◆ **Work instructions**
Some of the lines below need repeating. Reproduce exactly those between the lines holding "2 aluminum adjustable crouches" and "İş İnsanı Yakup", inclusive.

◆ **Exercise data**

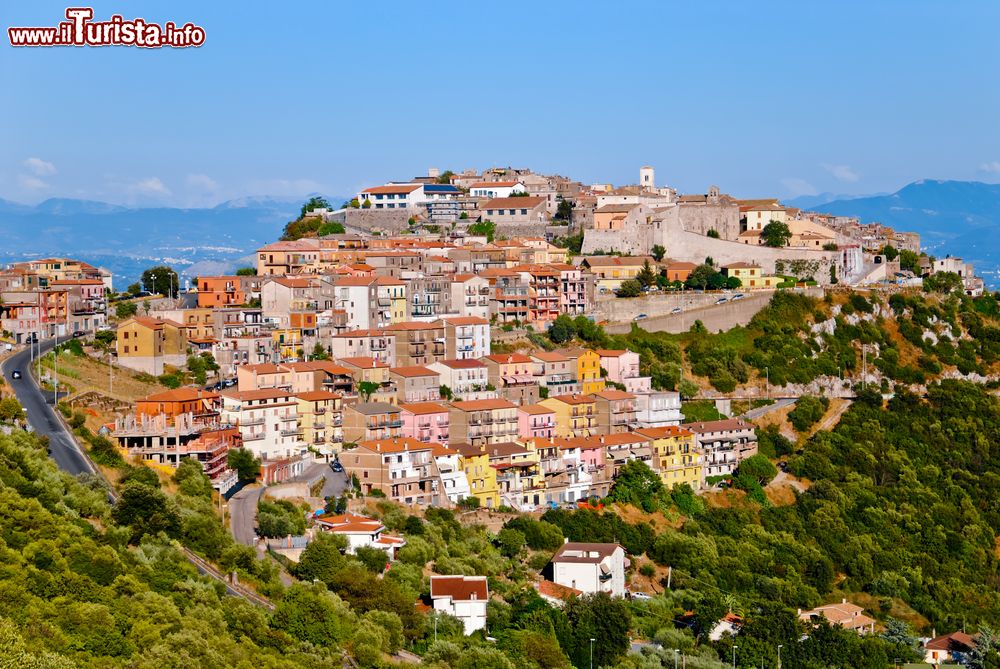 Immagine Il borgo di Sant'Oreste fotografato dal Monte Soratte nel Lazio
--
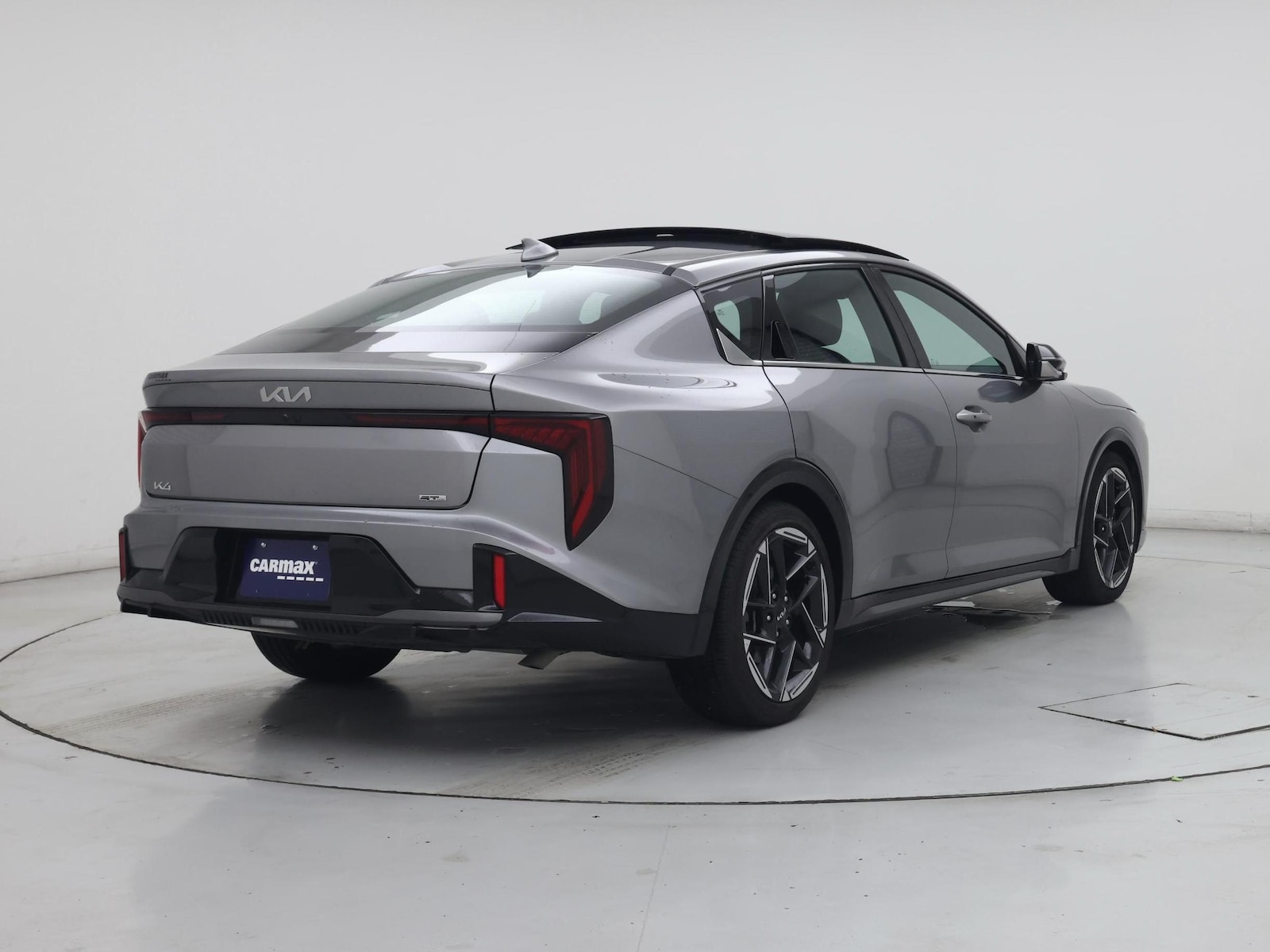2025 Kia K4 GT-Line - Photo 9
---
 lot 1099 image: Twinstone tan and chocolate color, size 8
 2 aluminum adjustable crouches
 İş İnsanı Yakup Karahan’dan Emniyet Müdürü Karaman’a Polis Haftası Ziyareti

◆ **Solution to the exercise**
 2 aluminum adjustable crouches
 İş İnsanı Yakup Karahan’dan Emniyet Müdürü Karaman’a Polis Haftası Ziyareti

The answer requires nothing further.